Вначале это известие обескуражило Наргинского, но уже ничто не могло заглушить в нём азарт охотника, страсть сыщика. Уже на следующий день он выехал в Москву. Жена Короля жила в девятиэтажке рядом с панорамой «Бородино». В двух комнатной квартире с крохотной кухонькой, всё свободное пространство которой она заполняла своим довольно подвижным пышным  телом, увенчанным курчавой головкой с двойным подбородком и чуть прищуренными в тайной печали карими глазами.

- Не знаю с чего начать. Это так ужасно и страшно. Хотя прошло столько лет…- Она нервно теребила фартук с крупными красными маками и казалось пальцы её обрывают с них лепестки.- Я с ним познакомилась в Новосибирске. У меня там была преддипломная практика. Герман  в то время уже был начальником цеха...Ну что сказать- любовь с первого взгляда.

 Прожили мы всего лишь полтора года...В 68 его арестовали. Сумасшедший, додумался протестовать против ввода наших войск в Прагу. Посадили его в психушку. Встречи, передачи запрещены- заявили, что он невменяем и подлежит длительному лечению. Пять лет я ждала...Жизнь своё берёт. Вышла замуж. У нас двое детей.
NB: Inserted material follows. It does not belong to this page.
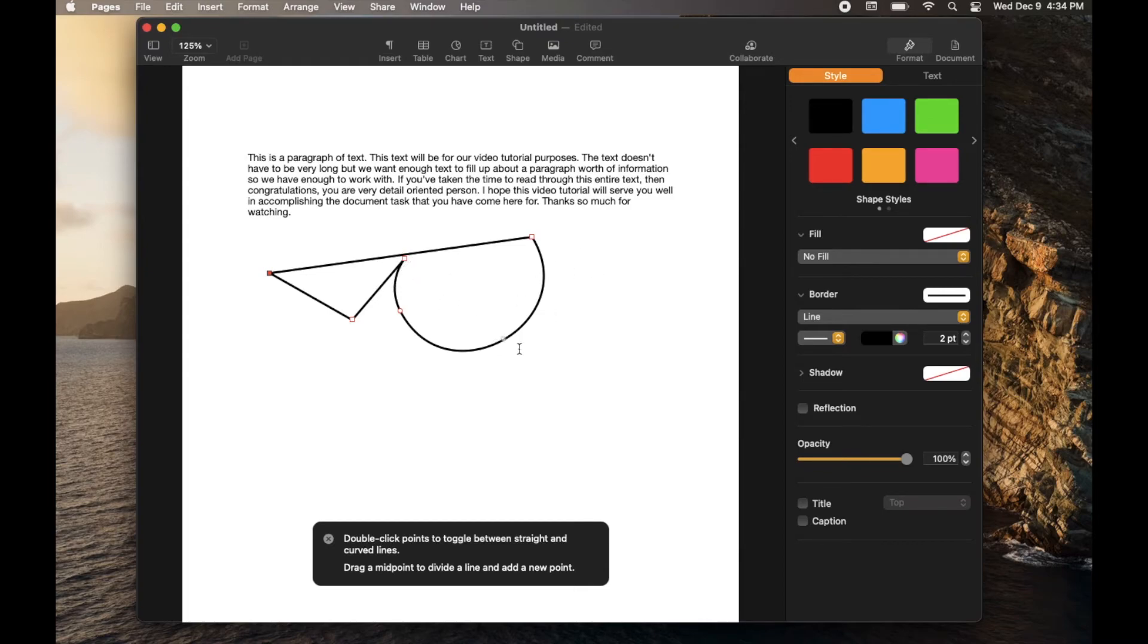But again, that shows you a few drawing options when it comes to inserting things into your Pages document.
  Понимаете, Всеволод Викторович я смирилась с потерей. Была уверена, что его в живых нет… А в прошлом году, господи, что я пережила. –Она судорожно вздохнула.- Не поверите, но я получила от него письмо. 18 лет молчал и вдруг…Подумайте только – 18 лет!.. и вдруг – объявился.

 Письмо махонькое, несколько строк, как я и что я. О себе ни  слова. Адреса не оставил, представляете, я только по почтовому штампу узнала, что письмо из Чебоксар. Что он хотел от меня, не поняла.
 Поездка в Москву оказалась напрасной и оставила в душе Наргинского гнетущее, тяжёлое впечатление.

 Он вернулся в Архангельск. После вылизанных, очищенных от снега  московских улиц, город заваленный сугробами выглядел мрачно, угрюмо, настороженно. Такое же настроение надолго овладело Наргинским. Всё складывалось не так, как он замышлял. Если встреча с Агелевым дала толчок к дальнейшему расследованию, то московская поездка не только разочаровала, но и остудила порыв  к   торжеству справедливости.

Потеря Короля, логиновского Жоржа, как главного свидетеля преступления  не оставляла никаких шансов.  Только он знал для чего предназначалось зерно и, если бы он подтвердил свой монолог, описанный Логиновым,- то карьере Расторгуева – конец. Но ему неожиданно сказочно повезло.

 Позвонил его давний друг, врач Виктор Никифоров. Как всегда в телефонном разговоре он был немногословен.
- У меня для тебя архиотличнейший  сюжетик. Расскажу при встрече Жду.
 Двери в его квартиру как правило никогда не закрывались на замок. Наргинский по привычке постучал.

-Входи, входи, дорогой,- приятный сипловатый басок приглушенный кухонной дверью.- Раздевайся. Я сейчас дожарю. Пару минут.-
Наргинский разделся и вошёл в комнату.
Никифоров жил в деревянном двухэтажном доме.

 Таких домов с деревянными тротуарами вдоль фасадов в Архангельске осталось немного. Причудливая резьба наличников и карнизов, своя для каждого дома, давно уже спешно заменялась безликой унылой плоскостью бетона и стекла.
 В квартире было две комнаты- спальня и кабинет, служащий по совместительству гостиной.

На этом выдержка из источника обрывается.